Killers of the Flower Moon Sucks

Martin Scorsese loses the plot

Somewhere inside Killers of the Flower Moon is an excellent Kevin Costner movie trying to get out. By all accounts, that’s how the script landed on Martin Scorsese’s desk.

The newly-formed FBI dispatches a former Texas Ranger to the wilds of Oklahoma to solve the murders of oil-rich Osage tribe members. The G-man sends the culprits to prison, establishing the FBI’s rep.

True story! Better than the one the director cooked-up.

At Scorsese’s behest, the script writers focus Killers of the Flower Moon entirely on Ernest Burkhart, nephew of William Hale, portrayed as the chief architect of the Osage murders.

The words “wrong answer” don’t begin to cover it.

Leonardo DiCaprio plays Burkhart earnestly AF, but the character is loathsome on every level: stupid, lazy, deceitful, amoral, weak and venal. And those are just his good points.

In case we couldn’t guess what would motivate such an asshole to kill his own wife, her two sisters and his mother-in-law, Burkhart states his motivation not once but twice. “I just love money!” he beams moronically.

Mr. Scorsese has blessed cinema with some of cinema’s greatest villains: Frank Costello (The Departed), Bill the Butcher (Gangs of New York), Travis Bickle (Taxi Driver).

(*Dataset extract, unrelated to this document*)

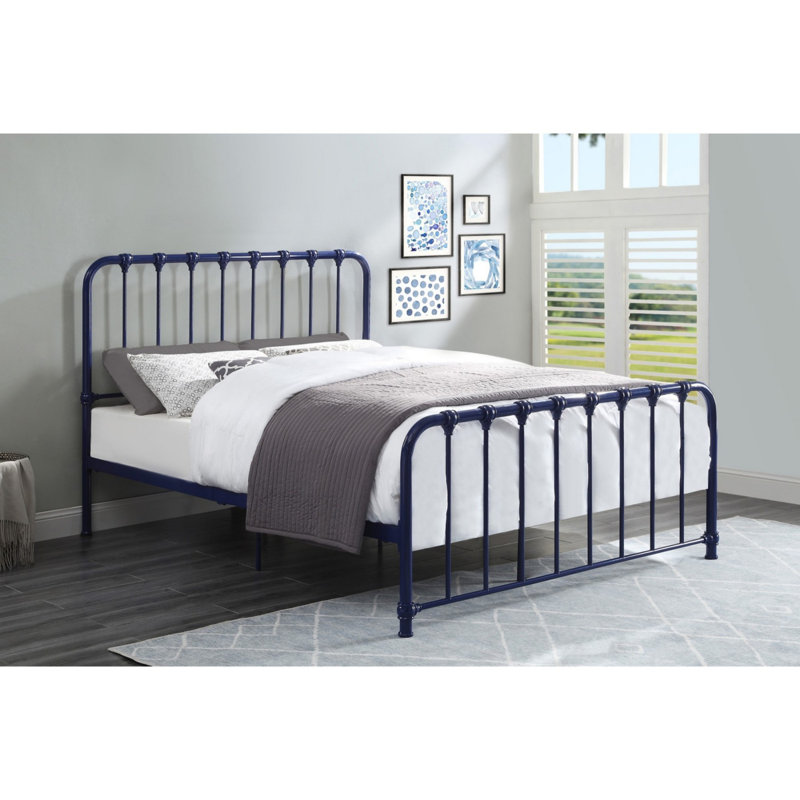 Lueras Metal Spindle Bed, Queen, Blue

Max Cady (Cape Fear) and Tommy DeVito (Goodfellas).

“Scorsese's villains are more complex than the average movie bad guys,” asserts, “often possessing admirable or relatable qualities.”

Not here. I couldn’t give a flying fuck what happens to Burkhart. His only redeeming quality: his concern for the children of the woman he’s slowly poisoning.

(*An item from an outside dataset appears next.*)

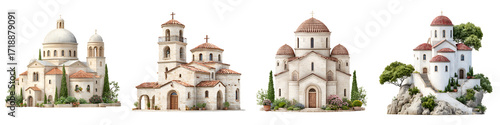 Watercolor Churches: Mediterranean Architecture Collection on White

Watching DiCaprio emote as Burkhart is a boring ordeal. Watching De Niro play Burkhart’s uncle William Hale, orchestrating the Osage murders for oil money, is only marginally more entertaining.

De Niro’s Hale is a reprise of the nebbish Rupert Pupkin in The King of Comedy – a loser who thinks he’s a winner. Don’t let the picture above fool you. There’s no animus, no low animal cunning, no self-awareness, no hatred, no oomph in Hale.

Right from the git-go, we’re shown that Hale’s hold over Burkhart is down to the simple fact that Burkhart is an idiot.

To say there’s no chemistry in DiCaprio and De Nitro’s scenes together is like saying the Osage were victims of racist white men’s greed. Which they certainly were.

As you’d expect in these PC times of ours, presenting the Osage as noble victims is the order of the day.

This includes a repudiation of their own riches by the tribe’s elders, various documentary-style scenes of Osage rituals and large chunks of dialogue in their native tongue.

Lily Gladstone wears this mantle as Burkhart’s saintly Osage wife Mollie. She wears it well. But remove her halo and Mollie Burkhart’s love for her dickhead husband – as her family is killed one-by-one – is inexplicable.

In her first scenes with DiCaprio, Gladstone’s Mollie is nobody’s fool. She’s smart, tough and worldly-wise. Clearly Burkhart’s match. By the middle of this three-and-a-half hour slog, Mollie’s her husband’s complete fool.

We’re supposed to believe she’s blinded by love. Love shared by the man slowly sending her off to Spirit Land. Yeah, no.

Somewhere near the end of this beautifully shot but tiresome movie, Kevin Costner finally arrives. I mean Federal Agent Tom White.

While there’s satisfaction to be had seeing justice done, Jesse Plemons sleepwalks through the role. He has only slightly more Texas Ranger in him than Pee-wee Herman.

Killers of the Flower Moon slowly grinds to a halt. We get a courtroom scene designed to further reanimate Brendan Fraser’s career and a scene where Burkhart fails to come clean to this wife. Now there’s a surprise.

Killers finishes with a historically accurate reproduction of radio actors performing a “where are they now?” summation. A scene that jars in its off-hand nature, complete with comical sound-effects.

Scorsese appears as a narrator, to tell us what happened to Mollie Burkhart. An acknowledgement that Mollie is the only character the audience gave a shit about.

To quote F. Scott Fitzgerald, character is plot. Killers of the Flower Moon’s central characters have no character. So the movie doesn’t have a plot. Not a compelling one, anyway.

Killers of the Flower Moon should have been created in its original who dunnit? form. Or a documentary with reenactments. Instead, it’s a missed opportunity on a grand scale. Great cars, though.